Stored data:
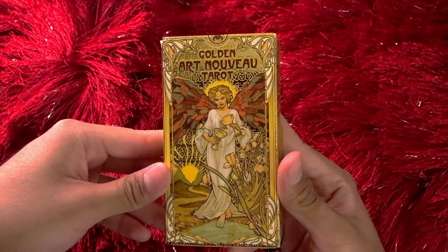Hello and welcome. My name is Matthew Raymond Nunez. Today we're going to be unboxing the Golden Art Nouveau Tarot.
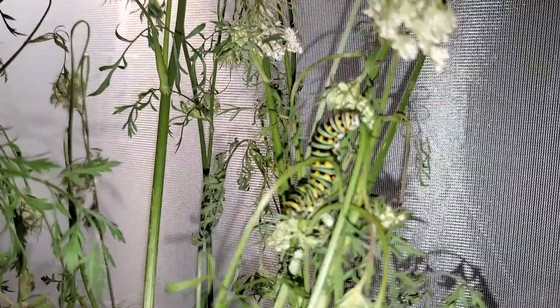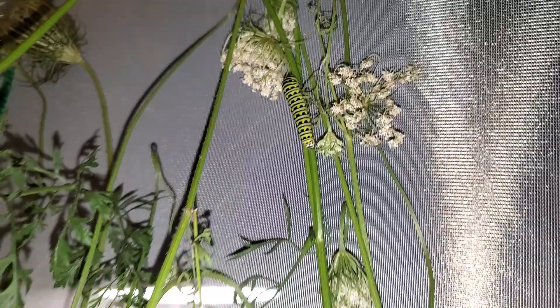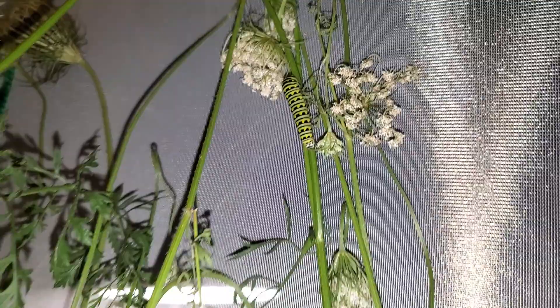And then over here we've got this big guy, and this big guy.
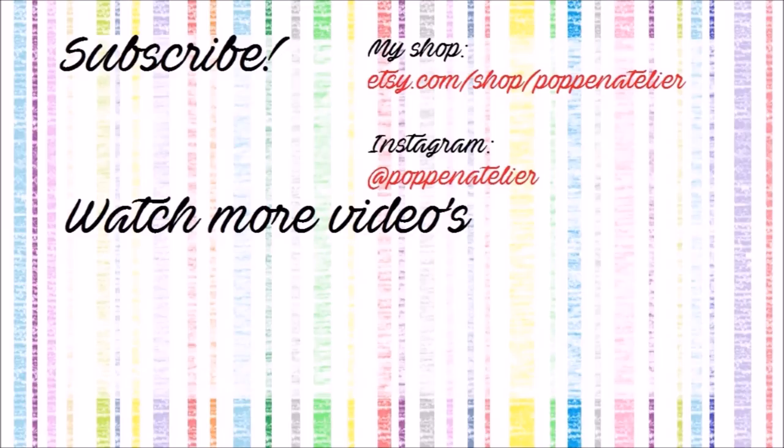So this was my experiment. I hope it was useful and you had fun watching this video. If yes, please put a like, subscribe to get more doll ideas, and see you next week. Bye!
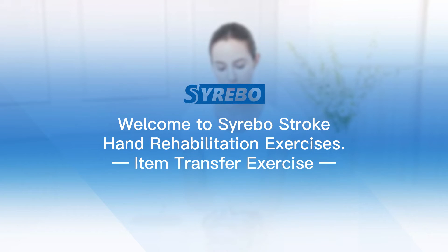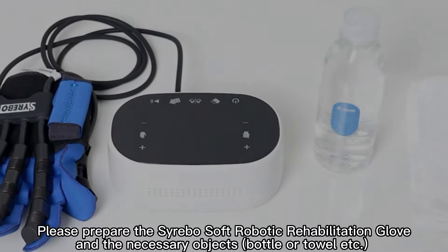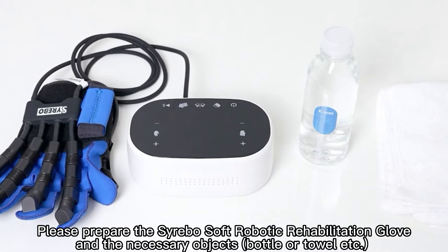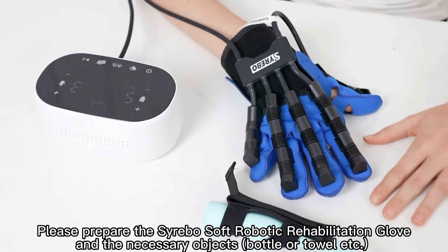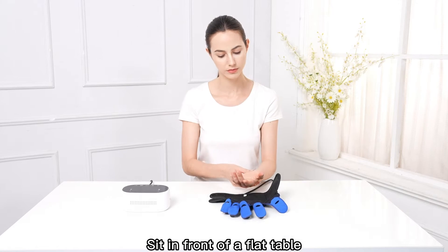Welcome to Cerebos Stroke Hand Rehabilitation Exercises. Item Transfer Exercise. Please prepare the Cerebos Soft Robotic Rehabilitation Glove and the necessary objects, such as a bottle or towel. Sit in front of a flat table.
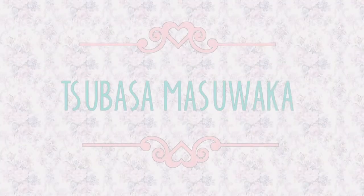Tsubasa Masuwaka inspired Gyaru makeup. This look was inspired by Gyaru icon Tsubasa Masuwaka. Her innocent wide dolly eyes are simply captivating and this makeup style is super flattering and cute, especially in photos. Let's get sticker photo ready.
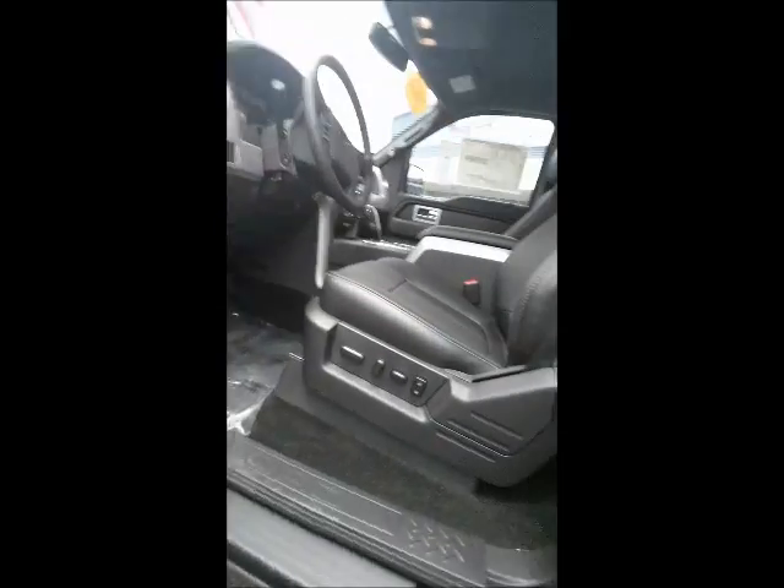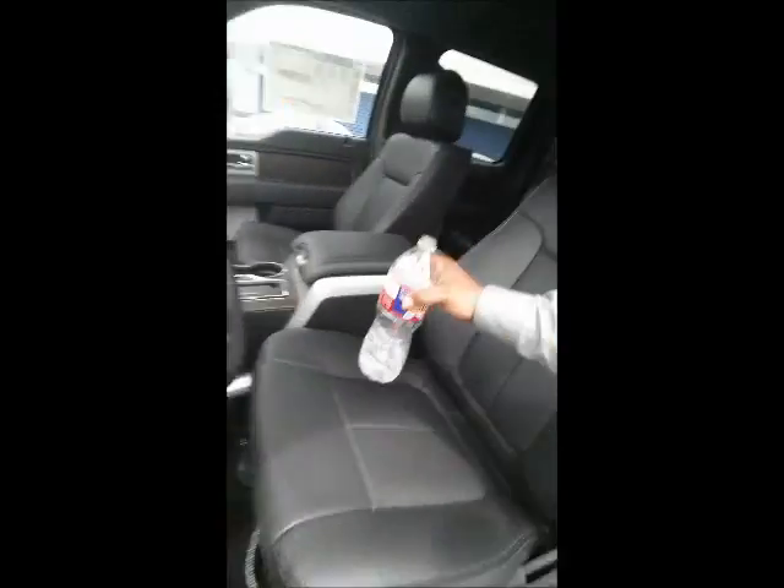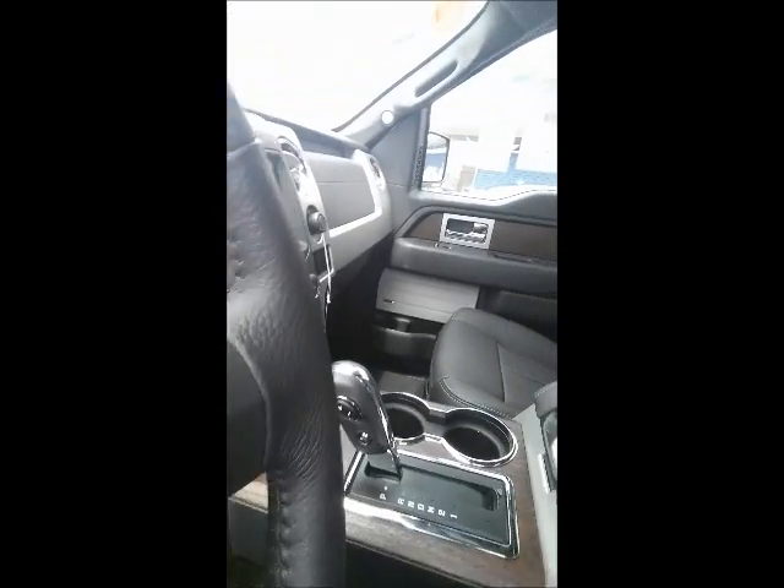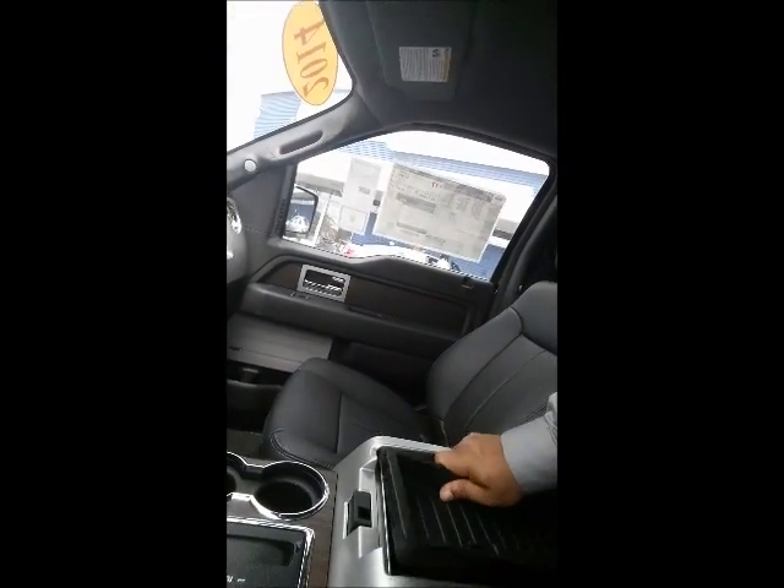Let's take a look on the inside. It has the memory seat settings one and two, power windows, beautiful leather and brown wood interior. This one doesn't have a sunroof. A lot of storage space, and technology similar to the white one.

— What this task involves —
An exact copy is needed of every line from the line containing "So this was" to the last line of the records; pictures stay out of it.

— Result below —
So this was my experiment. I hope it was useful and you had fun watching this video. If yes, please put a like, subscribe to get more doll ideas, and see you next week. Bye!
Welcome to Cerebos Stroke Hand Rehabilitation Exercises. Item Transfer Exercise. Please prepare the Cerebos Soft Robotic Rehabilitation Glove and the necessary objects, such as a bottle or towel. Sit in front of a flat table.
Tsubasa Masuwaka inspired Gyaru makeup. This look was inspired by Gyaru icon Tsubasa Masuwaka. Her innocent wide dolly eyes are simply captivating and this makeup style is super flattering and cute, especially in photos. Let's get sticker photo ready.
Let's take a look on the inside. It has the memory seat settings one and two, power windows, beautiful leather and brown wood interior. This one doesn't have a sunroof. A lot of storage space, and technology similar to the white one.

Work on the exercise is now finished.